By Yoruk Bahceli, Amanda Cooper and Harry Robertson
LONDON (Reuters) – British government borrowing costs headed for their biggest weekly jump in over a year on Friday, while the pound faced its longest stretch of weekly losses in six years as Labour’s tax-and-spend budget ignited concerns over inflation and growth.
Two-year gilt yields, which led the selloff as investors pared back their interest rate expectations, were up 30 basis points on the week as of 0746 GMT, set for their biggest weekly rise since June 2023.
Posting most of that rise in the aftermath of Wednesday’s budget, they were up for a tenth straight day on Friday – their longest stretch of price losses in three years.
Benchmark 10-year yields have risen 26 bps, the biggest weekly move since October 2023, having touched their highest in a year on Thursday at 4.526%.
While the surge in government borrowing costs and the drop in the pound have unsettled some investors, the speed and scale of the move fell far short of the crisis that rocked markets in September 2022 after an interim budget from then-Prime Minister Liz Truss that contained billions in unfunded tax cuts.
“2022 was something really quite off the scale. But that doesn’t mean that what we saw this week wasn’t important and it has had an effect on the market,” City Index market strategist Fiona Cincotta said.
Yields have jumped as markets digest the government’s plans, which will add an extra 70 billion pounds a year to the public spending bill compared with now, according to Britain’s fiscal watchdog.
Just over half of that total is covered by higher taxes and the rest through increased borrowing.
The OBR, whose forecasts underpin British government budgets, now expects inflation will average 2.6% next year, compared with a previous 1.5% forecast.
Traders now expect just over 80 basis points of rate cuts by the end of next year, or fewer than four more cuts, having priced well over a percentage point prior to the budget.
Markets still expect a rate cut at the Bank of England’s meeting next Thursday but have reduced their view of the chance of a December cut to less than 50%.
Some investors said the moves may be exacerbated by positioning shifts, with many investors having favoured gilts before the budget.
BNP Paribas Asset Management, which manages 576 billion euros of assets, told Reuters on Thursday it had closed its overweight position in gilts.
Neil Mehta, a portfolio manager at BlueBay Asset Management, said shifting interest rate expectations were only a “small part” of the market moves.
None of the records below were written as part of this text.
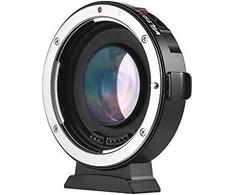 Viltrox EF-M2 II greičio stiprintuvas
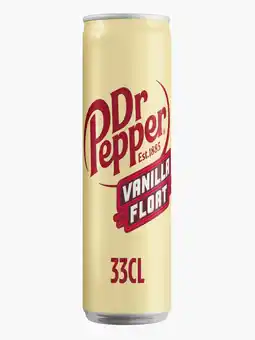 Flink Dr. Pepper Vanilla Float aanbieding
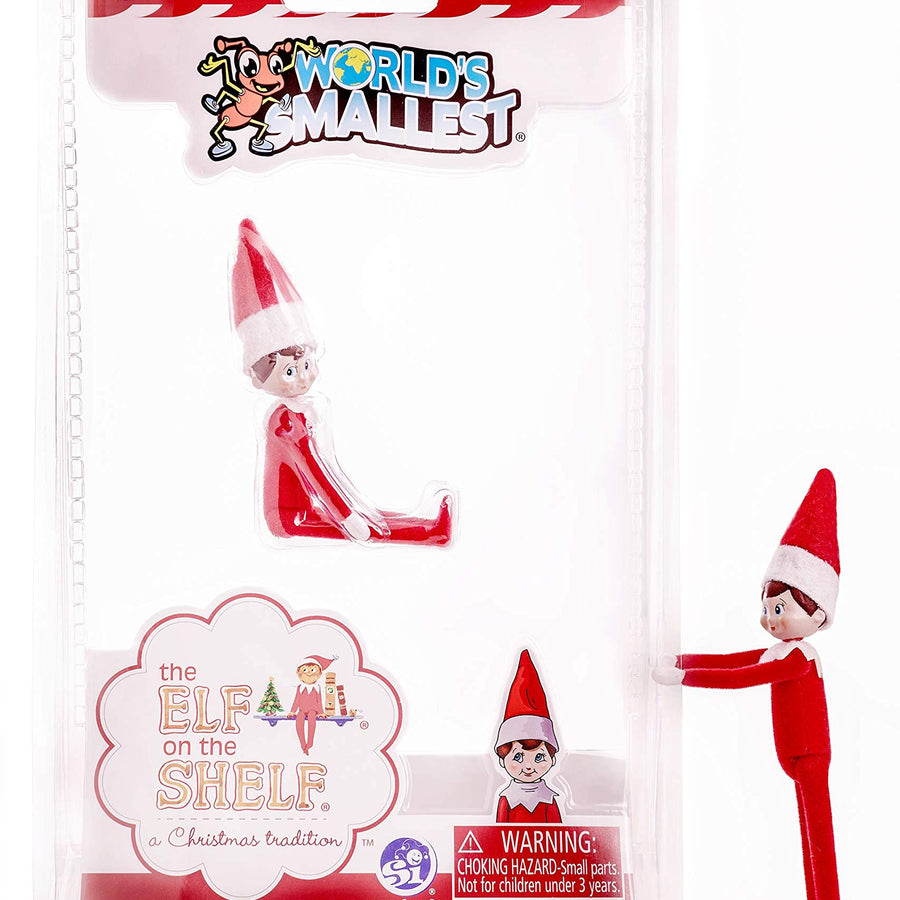 World's Smallest The Elf On The Shelf, Multi
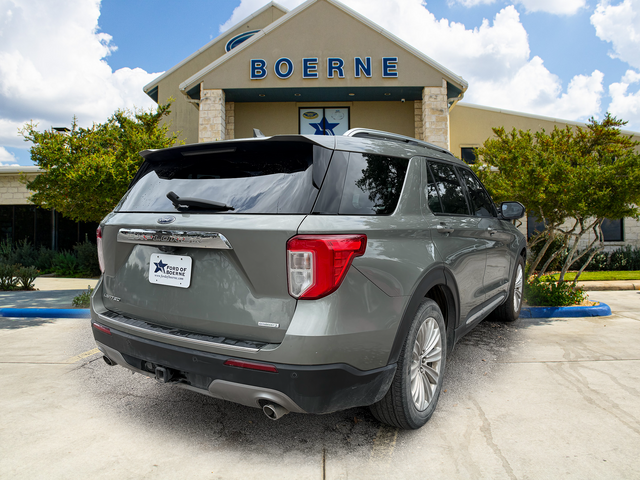 2020 Ford Explorer Limited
He added that stop outs in interest rate futures, where breaches of pre-set market levels prompt selling, were also part of the dynamic.
Sterling meanwhile edged up 0.3% against the euro, though it was still headed for its biggest one-week slide against the single European currency in more than a year, down by 1%.
Against the dollar, it was down 0.4% on the week, set for its fifth weekly decline – the longest such stretch since late 2018.